[[ Material supplied, beginning ]]

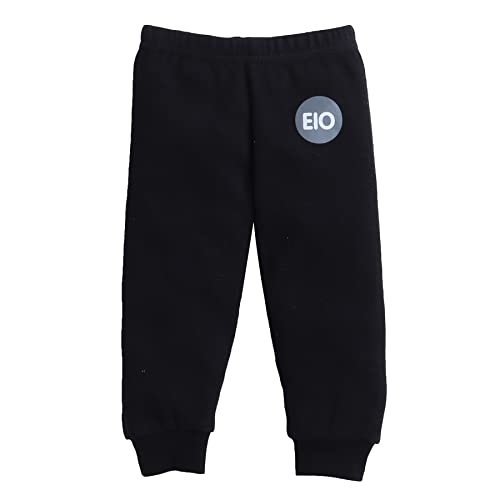 EIO Unisex Cotton Pajama Pants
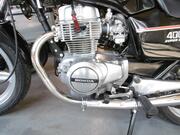 North Cornwall Motorcycles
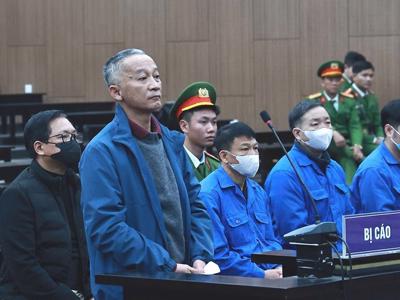 Vụ dự án Sài Gòn Đại Ninh: "Bài học cán bộ rất đau xót"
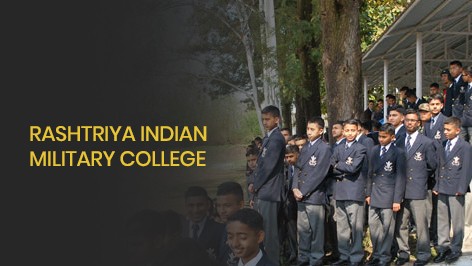 Best RIMC Coaching in India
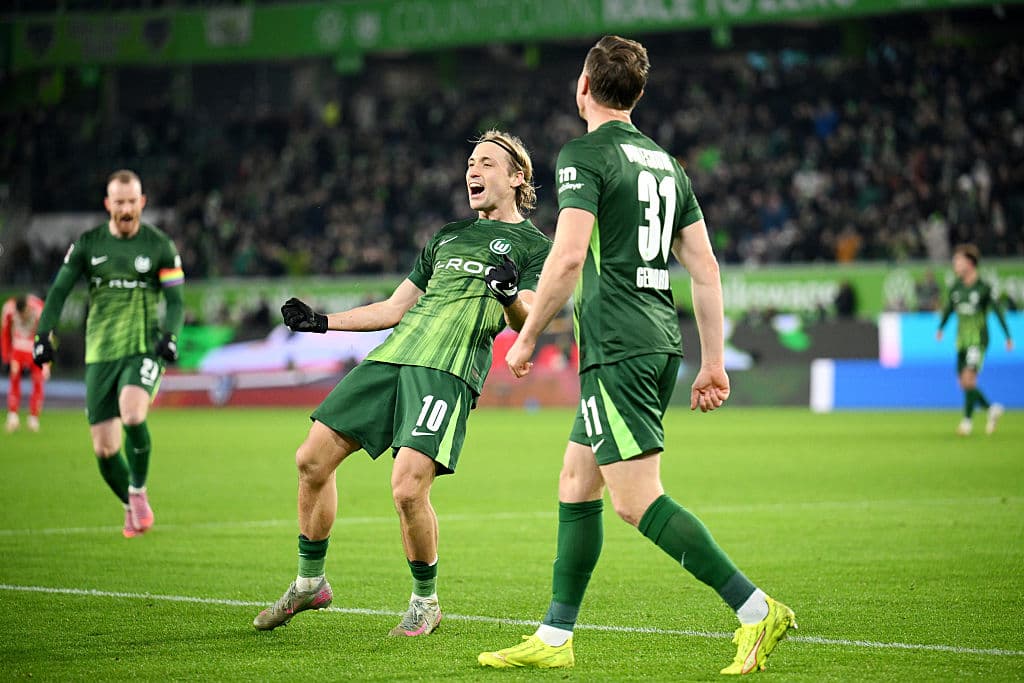 Bundesliga: club ends 11-month home win drought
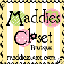 Provided by Maddie's Closet, Branson 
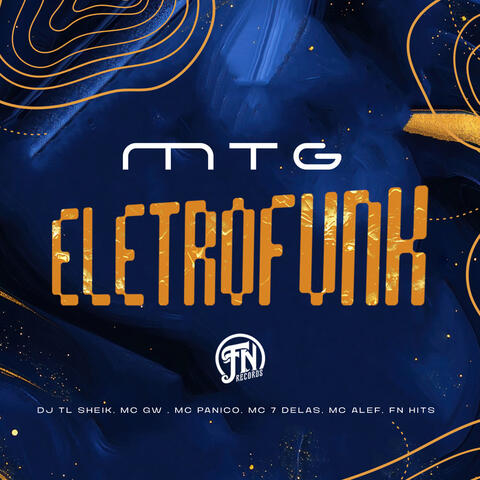 MTG Eletrofunk album art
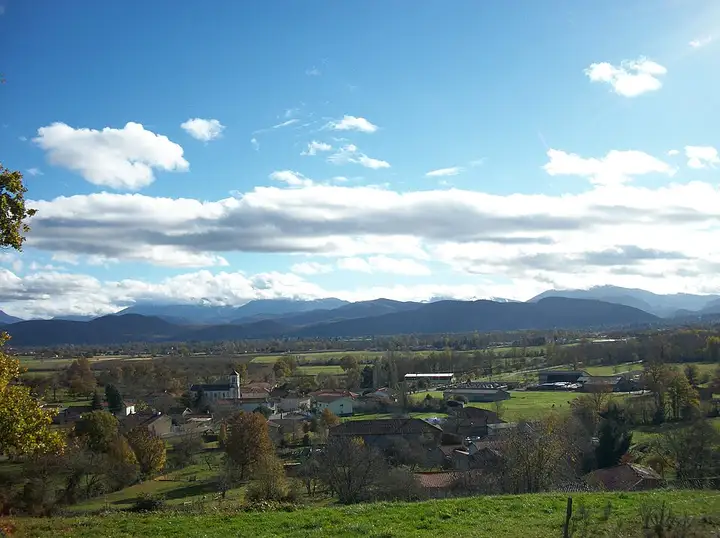 Ponlat-Taillebourg - week-end romantique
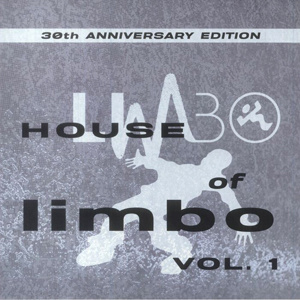 House Of Limbo Vol. 1 - 30th Anniversary Edition  2xLP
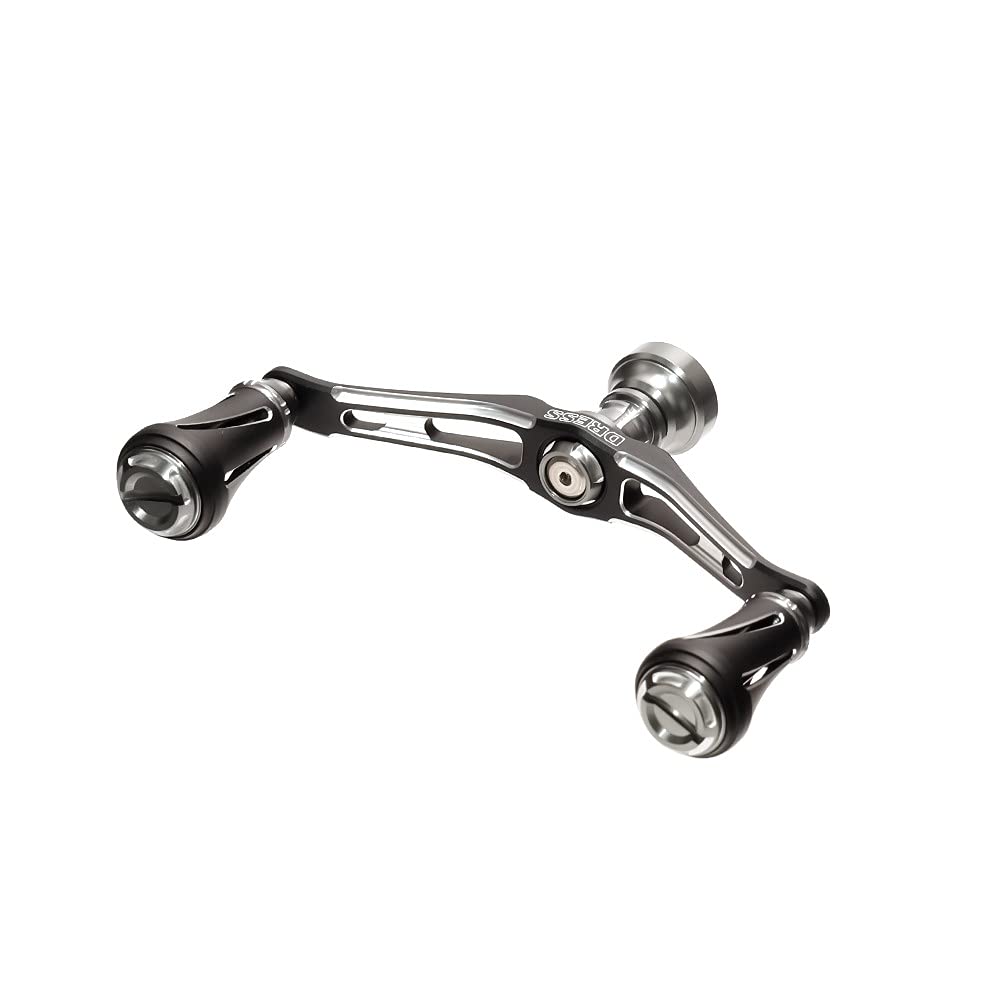 Amazon | ドレス(DRESS) カスタムハンドル W ヴァーテックス/ダイワ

[[ Material supplied, end ]]

● **Assignment**:
If a record contains a picture, leave the picture out; repeat the record itself exactly.

● **Answer below**:
 EIO Unisex Cotton Pajama Pants
 North Cornwall Motorcycles
 Vụ dự án Sài Gòn Đại Ninh: "Bài học cán bộ rất đau xót"
 Best RIMC Coaching in India
 Bundesliga: club ends 11-month home win drought
 Provided by Maddie's Closet, Branson 
 MTG Eletrofunk album art
 Ponlat-Taillebourg - week-end romantique
 House Of Limbo Vol. 1 - 30th Anniversary Edition  2xLP
 Amazon | ドレス(DRESS) カスタムハンドル W ヴァーテックス/ダイワ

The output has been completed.